▶ _DIRECTIONS_
Copy exactly, and only, the lines from the one with "AR license plate 564VUA" to the end of the listing; omit pictures.

▶ _AVAILABLE DATA_
※ ※ ※
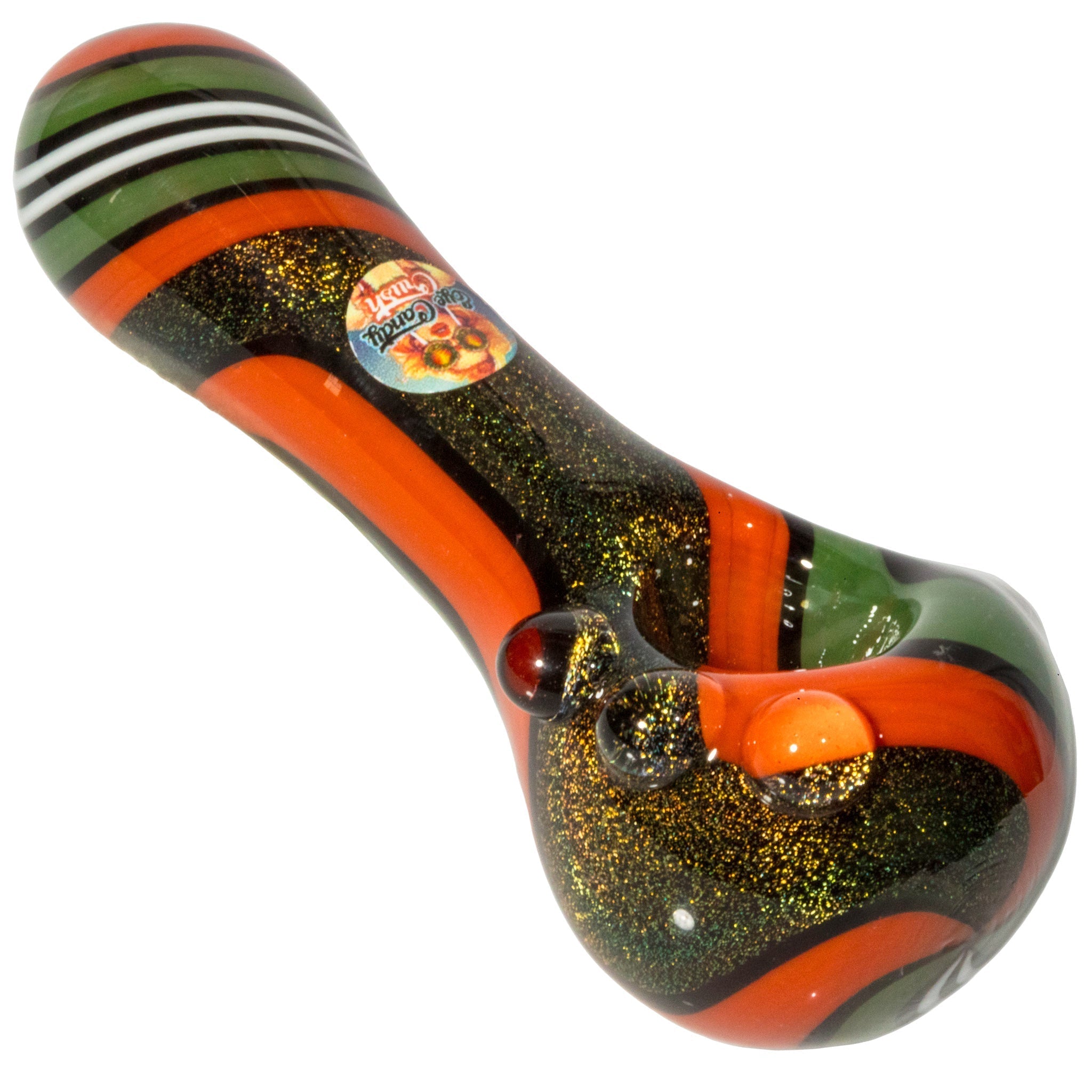 Crush Dichroic Glass Spoon Pipe | 4"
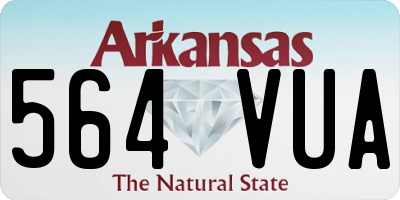 AR license plate 564VUA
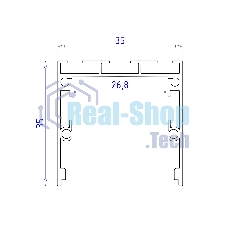 Алюминиевый профиль Ambrella light GP2550AL серебро 2000*35*35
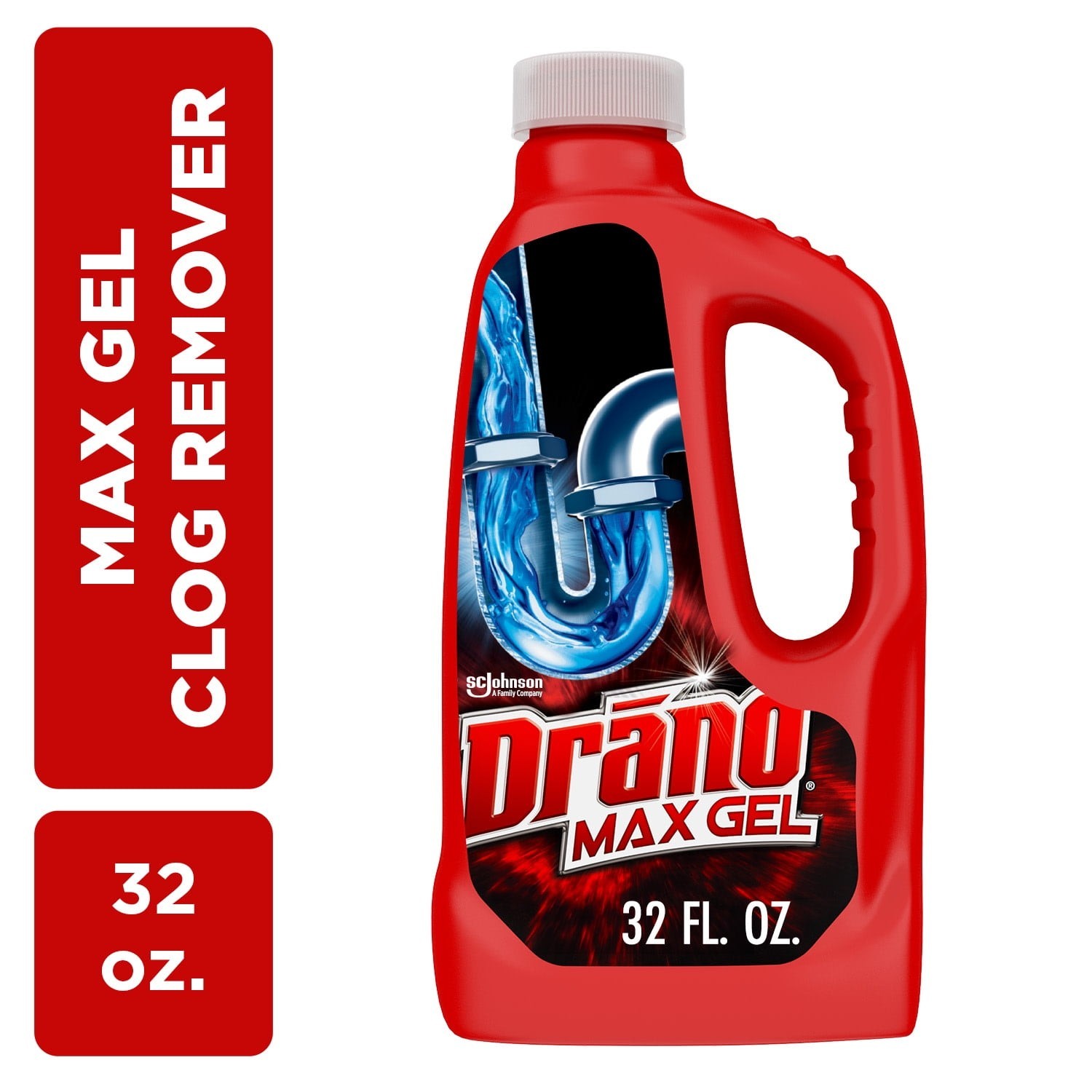 Max Gel Drain Clog Remover Strength Formula Drain Cleaner 32 oz 1 Count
※ ※ ※
▶ _OUTPUT FOR THIS TASK_
 AR license plate 564VUA
 Алюминиевый профиль Ambrella light GP2550AL серебро 2000*35*35
 Max Gel Drain Clog Remover Strength Formula Drain Cleaner 32 oz 1 Count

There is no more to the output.